楽園のカンヴァス
図書館でぶらぶらと読みたい本を探している時、ふと目にとまったのがこの本だ。
以前、どこかでお薦めの本として紹介されていたのを記憶していたからだと思う。
タイトルから、美術に関するストーリーだということが想像できた。
でも残念ながら、私には美術に関する知識は殆どない。
美術館・博物館に行った回数は、残念ながら片手で足りてしまうほどだ。
でもあれだけ絶賛されていたし、たまにはいつもの自分なら選ばないような本を読んでみたいと思って手にとった。
読み始めると、美術の知識に疎い私があっという間に物語に引き込まれていった。
美術作品をモチーフにしているが難解な専門用語が多い訳ではなく、ミステリーの要素があることで先の展開が気になり、気がつくと知識不足を気にすることなく一気に読み終えていた。

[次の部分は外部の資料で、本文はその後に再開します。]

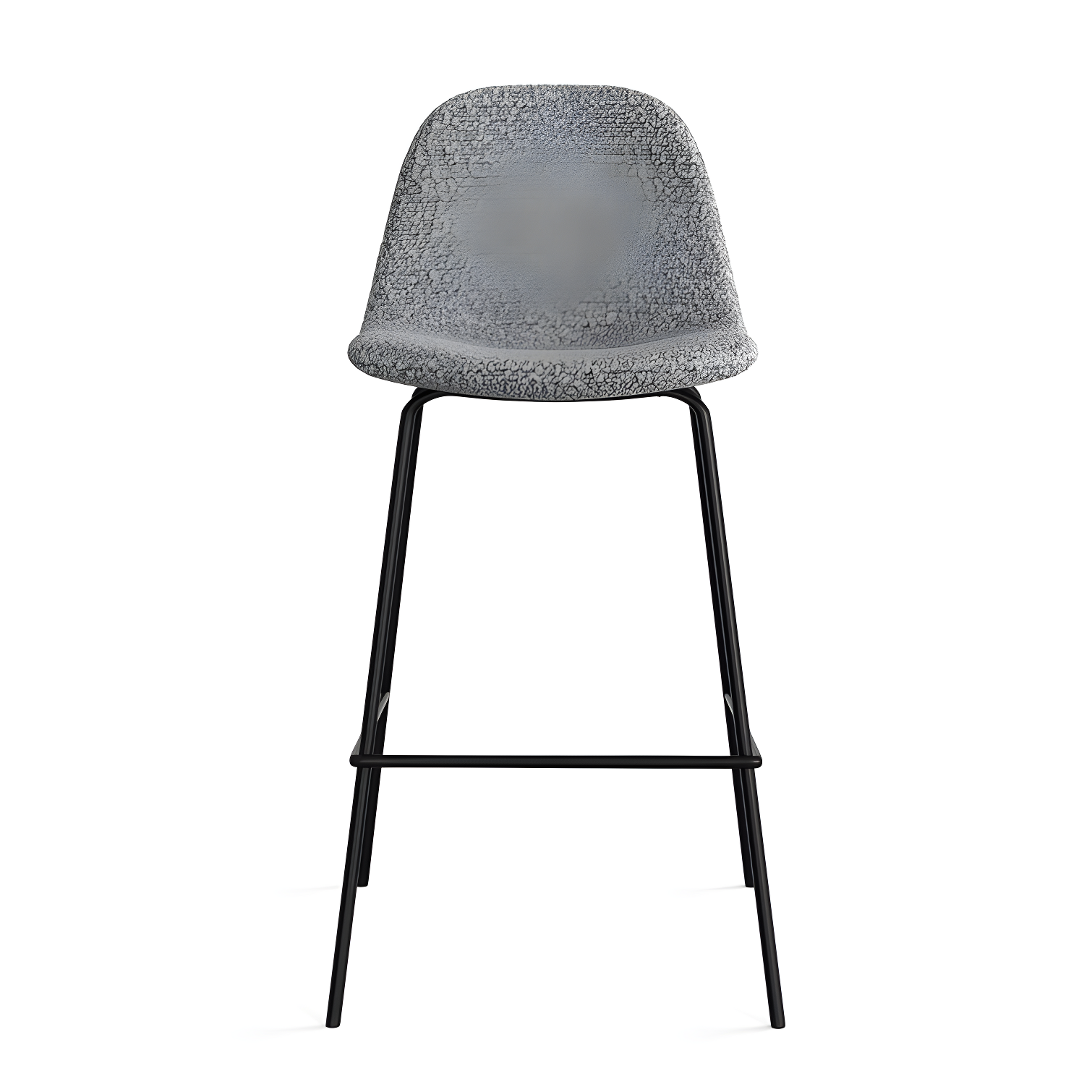 Gray Boucle Upholstered Counter Stool with Steel Frame, Set of 2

また、完全に私の主観ではあるけれど、この本全体を通して感じたのは、選ばれた言葉が美しくどこか優しいということだ。
私にとって、専門的で敷居が高く身構えてしまうようなテーマだったにも関わらず、
情景がありありと浮かび、音楽さえ聞こえてくるように感じられるシーンもあり心が躍った。
そして、優しいだけでなく、ほとばしる情熱と愛に満ちた物語だった。
その対象が作品であれ、人であれ、真に愛するということはこういうことなのだと思い胸が震えた。

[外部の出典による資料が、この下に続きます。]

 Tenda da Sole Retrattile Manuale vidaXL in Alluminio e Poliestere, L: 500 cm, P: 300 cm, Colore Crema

もちろん密やかに育み、パッと見では分からないような愛情もあるだろう。
でもそれが真実の愛ならば、芯の部分では情熱の炎が燃え盛っているに違いない。
近代芸術の萌芽がどれほどすごいものなのかは正直わからない。
けれど、新しい時代の到来を感じさせる鼓動が伝わってくる中盤~終盤の展開は本当にわくわくした。

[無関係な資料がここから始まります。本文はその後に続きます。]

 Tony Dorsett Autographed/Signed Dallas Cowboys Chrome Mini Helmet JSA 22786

タイムスリップをして、自分自身が新しい時代の目撃者となっているかのように感じた。
最後に幾つかの謎が明かされ、それはそれでもちろん面白かったのだが、やはり物語の終焉にむかって加速度的に増す、新しい時代が到来を予感させる独特の空気と、自分が信じたものに対して全てを傾ける情熱と愛に打ち震えた。
若い頃から数年前までの私は、本気になることについて、少し冷めた目で見ていた。
でも本当は、本気になる対象を見つけられないだけだったのだと、漸く気がついた。
興味の対象が何であれ、自分の全てを注ぎたいと思えるものに出会えることの素晴らしさを、この本は教えてくれた。
そして、誰かの為に生きるということの素晴らしさを。
見返りを求めず、自分の全てを捧げることを。
これは壮大で深い愛の物語なのだ。
私の持つ美術館のイメージとは、静謐で若干の緊張感を覚えるというものだ。
でもそこに展示されている作品たちは静かな情熱を秘めている。
相反するものが一所に存在するという緊張感に、たまには触れてみるのもいいかもしれない。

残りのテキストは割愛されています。